Exercise brief
The lines from the one containing "[KRKCLIFE] Men's Earrings, Moissanite" to the end of the entries, both included, are what you need to transcribe exactly, without pictures and without anything else.

Captioned web image data:

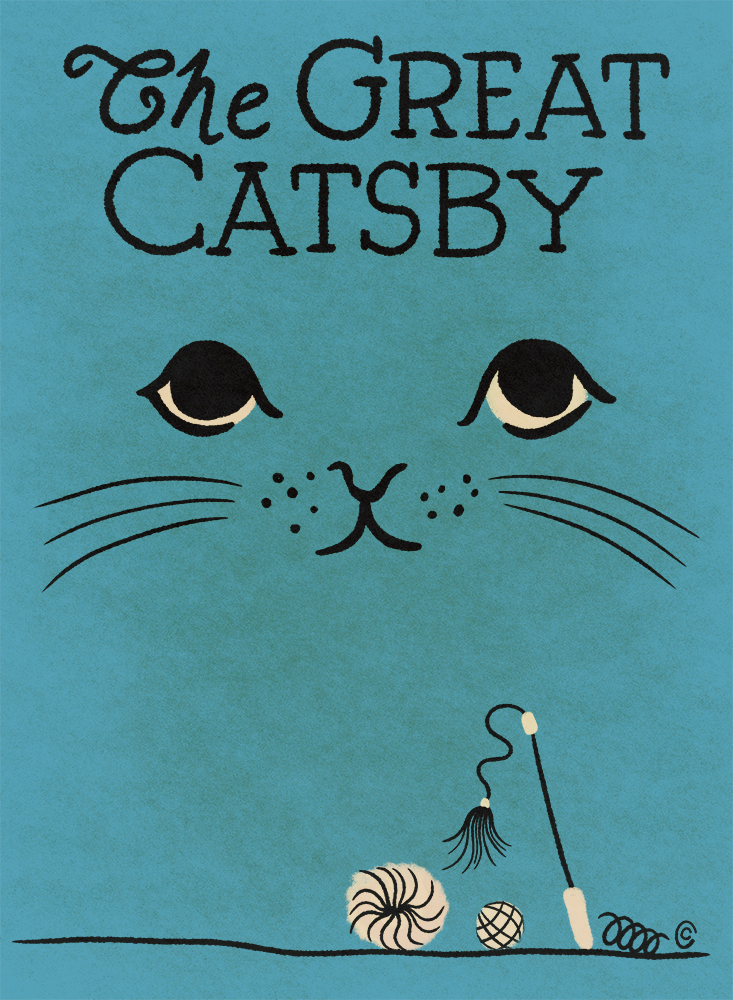 Book cover with a cat's face illustration and the title 'The Great Gatsby' at the top.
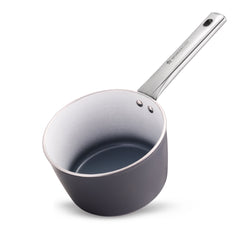 Eco-Glide Ceramic Saucepan 16cm, Non-Toxic, Chemical & PFOA Free, 1.75L capacity, Low Oil Cooking, Scratch-resistant, Stainless-steel Handle, Gas & Induction Compatible, 2-Yr Warranty, Grey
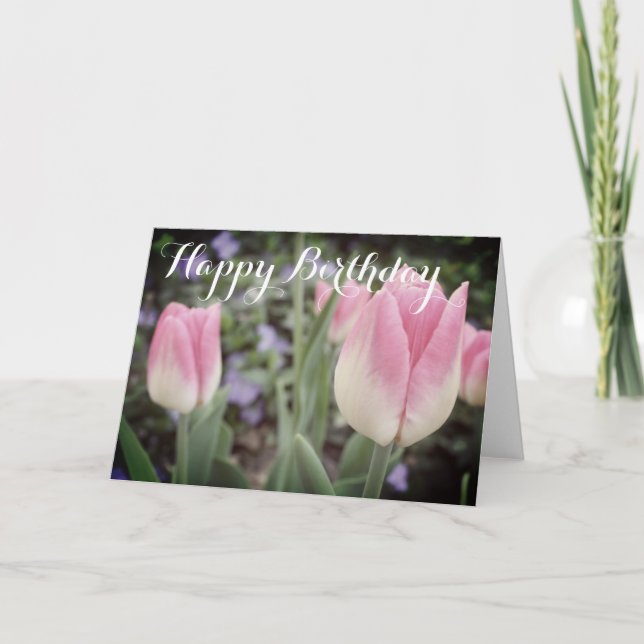 Tulipanes rosados en la tarjeta de cumpleaños del (Anverso)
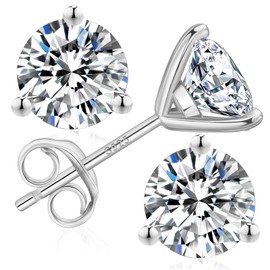 [KRKCLIFE] Men's Earrings, Moissanite Diamond, Hypoallergenic, Moissanite Diamond, Stud Earrings, Single Earring, 3 Prong Setting, Sterling Silver, 0.3ct/0.5ct/0.6ct/0.8ct/1.0ct/1.5ct (Silver/Gold),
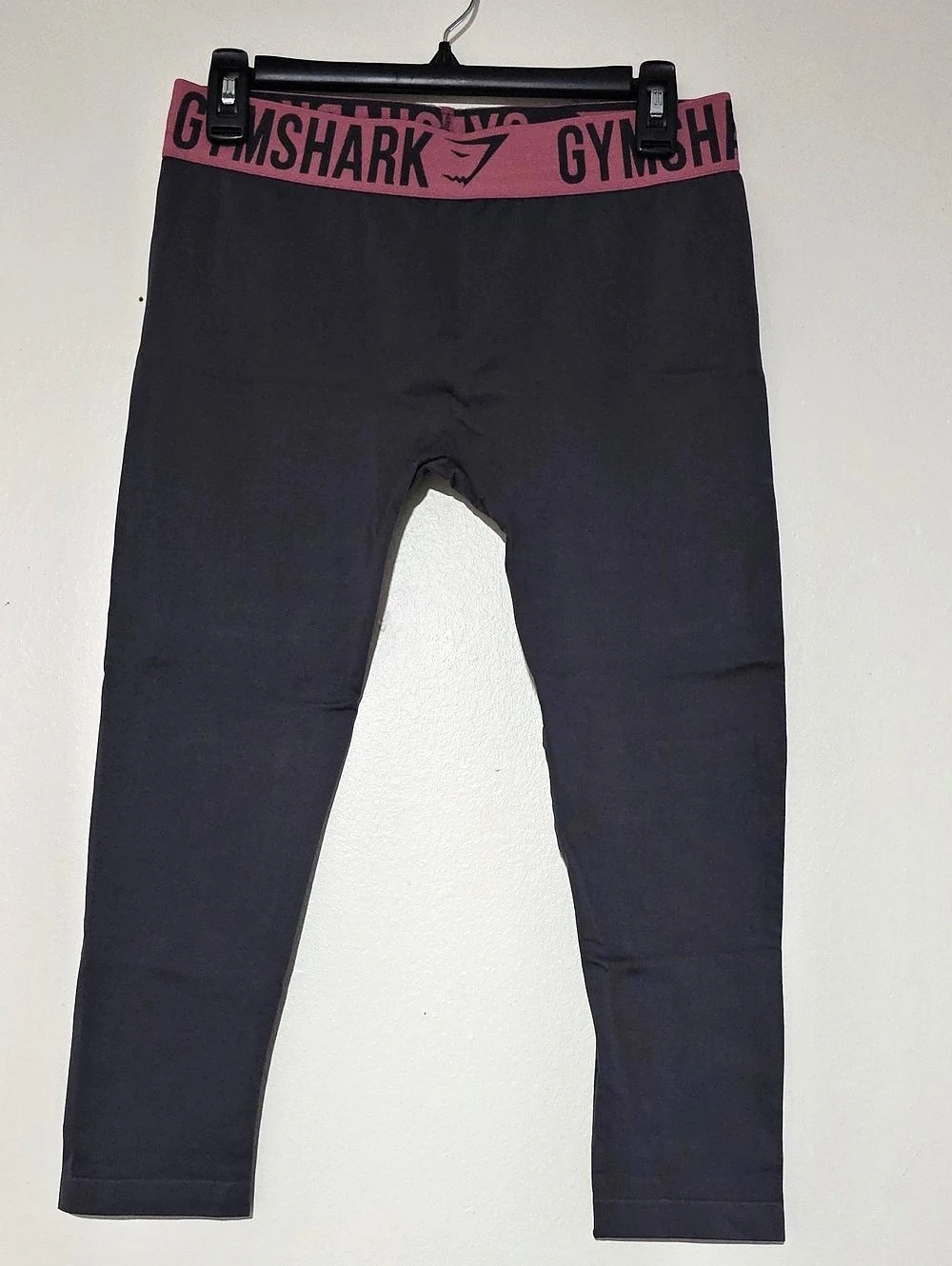 Gymshark Logo Waistband Leggings Gray & Pink Medium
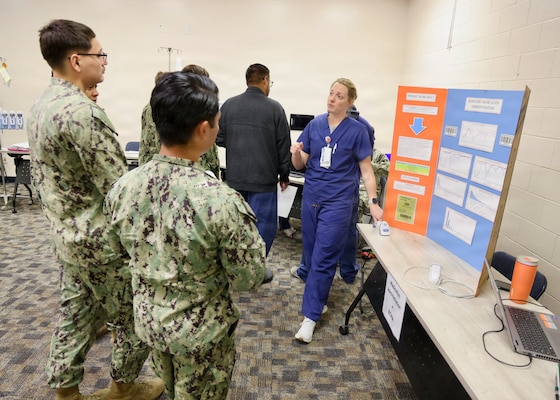 Nurses, hospital corpsmen and staff assigned to Navy Medicine Readiness and Training Command Twentynine Palms participate in the command's Annual Nursing and Corpsmen Skills Fair, April 28, 2026. The hands-on training reinforced critical clinical procedures, emergency response skills and communication to strengthen medical readiness and support the delivery of safe, high-quality patient care. (U.S. Navy photo by Christopher Jones, NH/NMRTC Twentynine Palms public affairs officer).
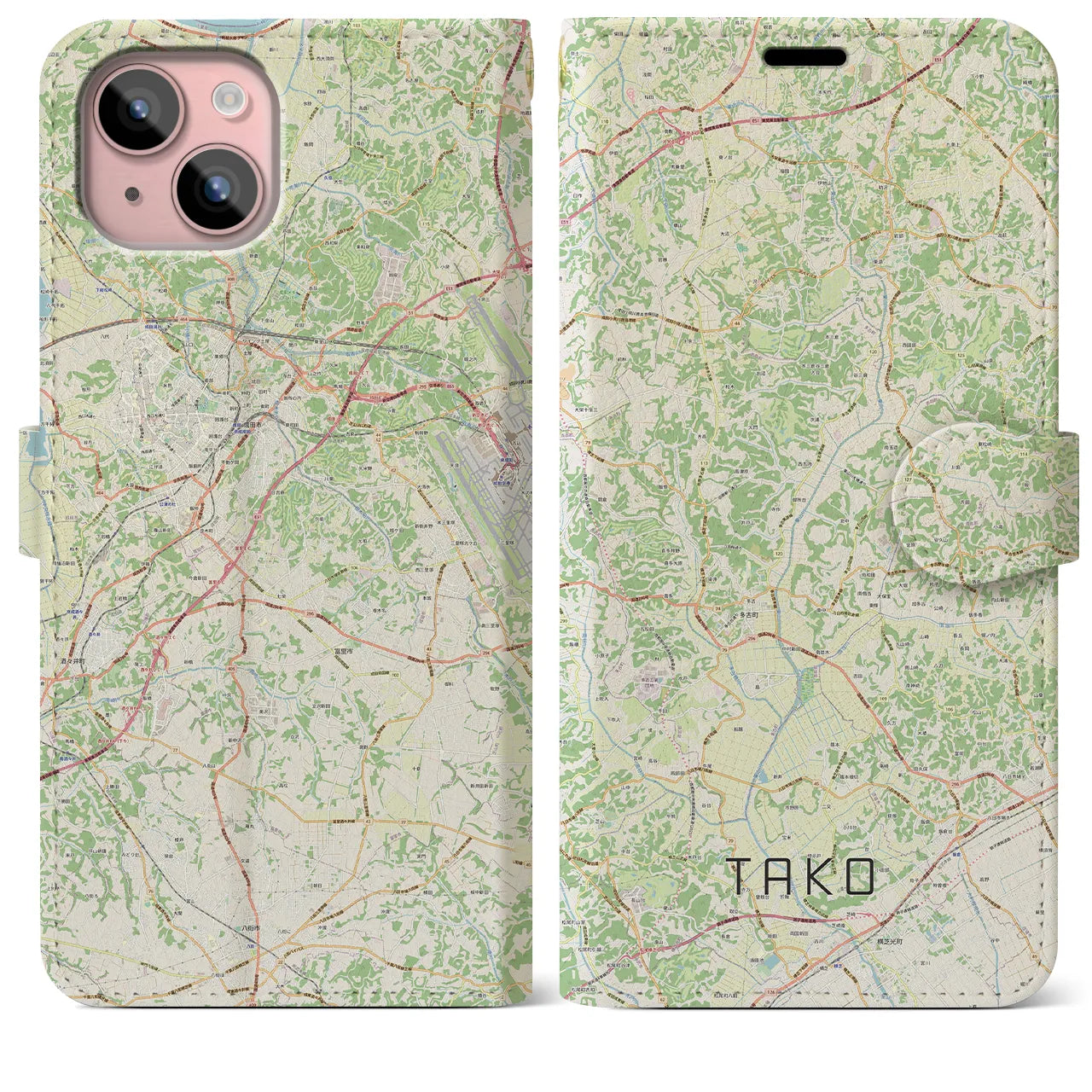 【多古(千葉県)】地図柄iPhoneケース(手帳タイプ)ナチュラル・iPhone 15 Plus 用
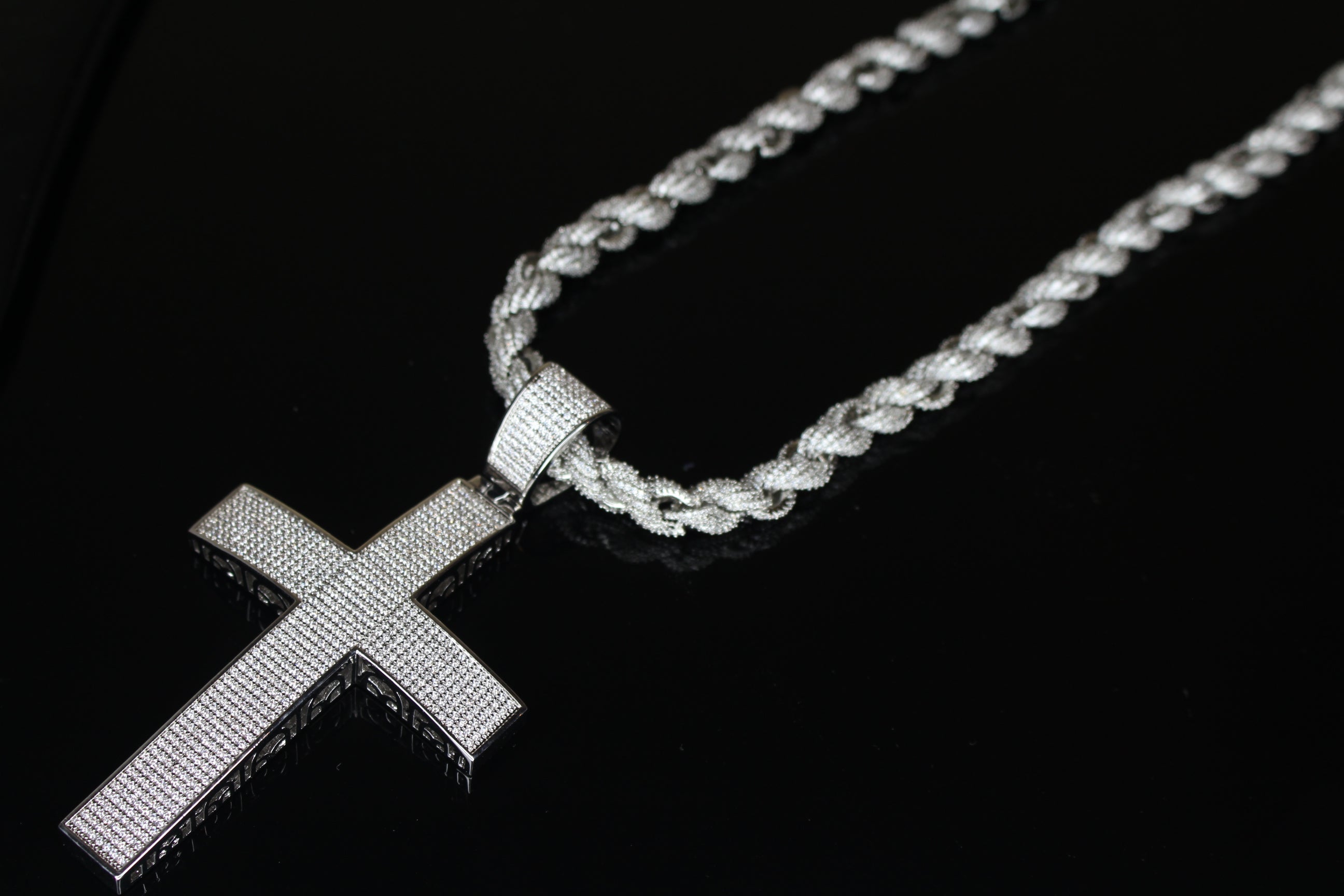 XL Cross Pendant 8mm Rope 75.8ct Lab Sim VVS1 Diamond Necklace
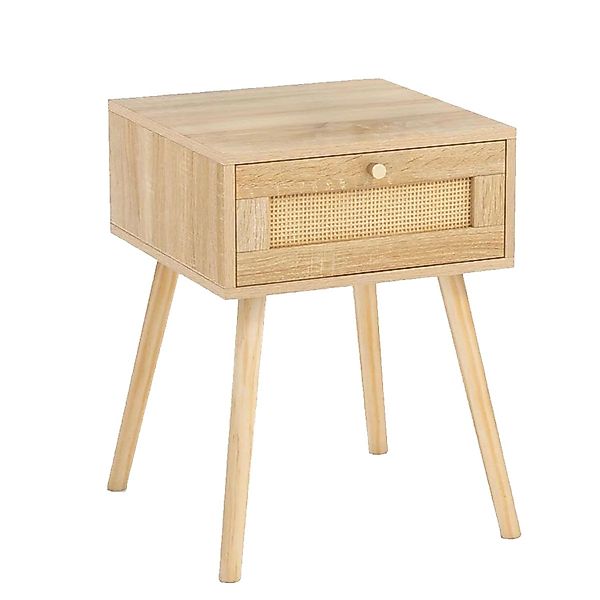 Costway Nachttisch Rattan Beistelltisch mit Schublade 40x40x55cm günstig online kaufen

Exercise answer
 [KRKCLIFE] Men's Earrings, Moissanite Diamond, Hypoallergenic, Moissanite Diamond, Stud Earrings, Single Earring, 3 Prong Setting, Sterling Silver, 0.3ct/0.5ct/0.6ct/0.8ct/1.0ct/1.5ct (Silver/Gold),
 Gymshark Logo Waistband Leggings Gray & Pink Medium
 Nurses, hospital corpsmen and staff assigned to Navy Medicine Readiness and Training Command Twentynine Palms participate in the command's Annual Nursing and Corpsmen Skills Fair, April 28, 2026. The hands-on training reinforced critical clinical procedures, emergency response skills and communication to strengthen medical readiness and support the delivery of safe, high-quality patient care. (U.S. Navy photo by Christopher Jones, NH/NMRTC Twentynine Palms public affairs officer).
 【多古(千葉県)】地図柄iPhoneケース(手帳タイプ)ナチュラル・iPhone 15 Plus 用
 XL Cross Pendant 8mm Rope 75.8ct Lab Sim VVS1 Diamond Necklace
 Costway Nachttisch Rattan Beistelltisch mit Schublade 40x40x55cm günstig online kaufen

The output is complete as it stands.